Date: 08/10/07, 15:22:02 PDT
From: Teh Beef
Comments: I have a 97 VW Golf that has been sitting in a garage for a few months... it was at my mom's house and since it was sitting there, she decided to unhook the battery. I'm trying to reconnect it and the alarm goes off as soon as the terminals are connected to the car... I tried turing the key in the lock and even in the ignition and nothing works... any suggestions?

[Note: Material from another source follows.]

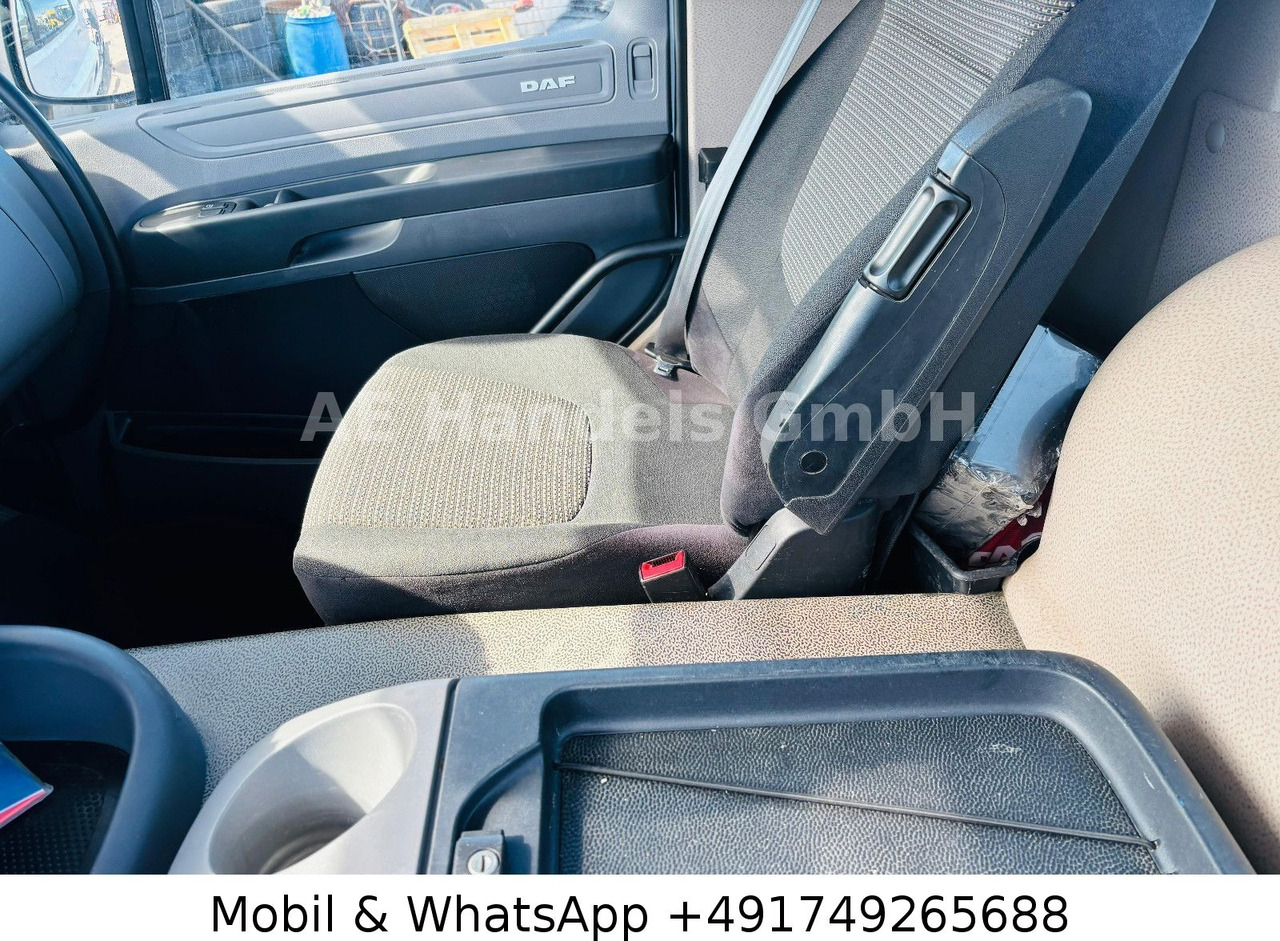 Camion benne DAF CF 370 DayCab BL 4x2 Meiller AK 12.T *ACC/Funk: photos 21 Camion benne DAF CF 370 DayCab BL 4x2 Meiller AK 12.T *ACC/Funk: photos 21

Date: 12/13/07, 12:06:29 PST
From: Carlton TDI 2000
Comments: Well Gentlemen, My alarm would not deactivate. Everytime I started the car, opened a passager's door the alarm would go off, lights and horn. It was like I was steeling my own car. I reviewed the blogs here and just deactivated the horn. I lived with this for about a week. My remote key wouldn't even work. Then just out of the blue, I manually unlocked the trunk using the key, got in the car and the alarm did not go off. Then I thought maybe the remote key would work, so I shut off the car, and tried to lock and unlock the doors. Everything works now. What did I do? Nothing. On 2000 Jettas the control module is underneath the windshield on the driver's side, in between the engine and cabin. You have to remove the cowling that is just under the windsield wipers. That is where the horn is also. Some things you just can't explain.

Date: 03/05/08, 11:49:54 PST
From: Kohl
Comments: hey, i am having the alarm problem, with the 95 jetta i just bought. i was wondering wut i can do because i cant even start the car becaseu my alarm is always on and when the last time it went off it wouldnt stop so i unplugged the battery and it all stated a cold morning and it turned on my i was going down the road. turning my key wont eenen turn it off if u have any suggestions please shot me and e-mail. at kohl_zehr2000@yahoo.com

Date: 04/15/10, 21:15:22 PDT
From: Shannon
Comments: Hey, im not sure if anyone can help. I have a 98 VW Cabrio and it has a factory alarm. The past few weeks we've had a lot of rain and the alarm wasnt beeping when I locked the doors all the time anymore and the light wasnt as bright. Today when I ran to the store and it worked fine. When I went to leave, the car wouldnt turn over and the alarm started going off. The odometer and clock kept fading in and out and then they were fine. The lights and radio still worked though. I tried unlocking and re-locking the doors with the key, unlocking the trunk, etc. Every time the alarm kept going off. I was in the car and didnt even lock the doors, and it would set, and the light would flash. I tried to disconnect the module behind the tail light. I pulled the electrical wires and what I believe is the vacuum line (considering it was the only other wire there) and the alarm still went off when I tried to start it and the car still wont start. Any other ideas of how to fix it, or what it could be? Any would be appreciated. Thanks.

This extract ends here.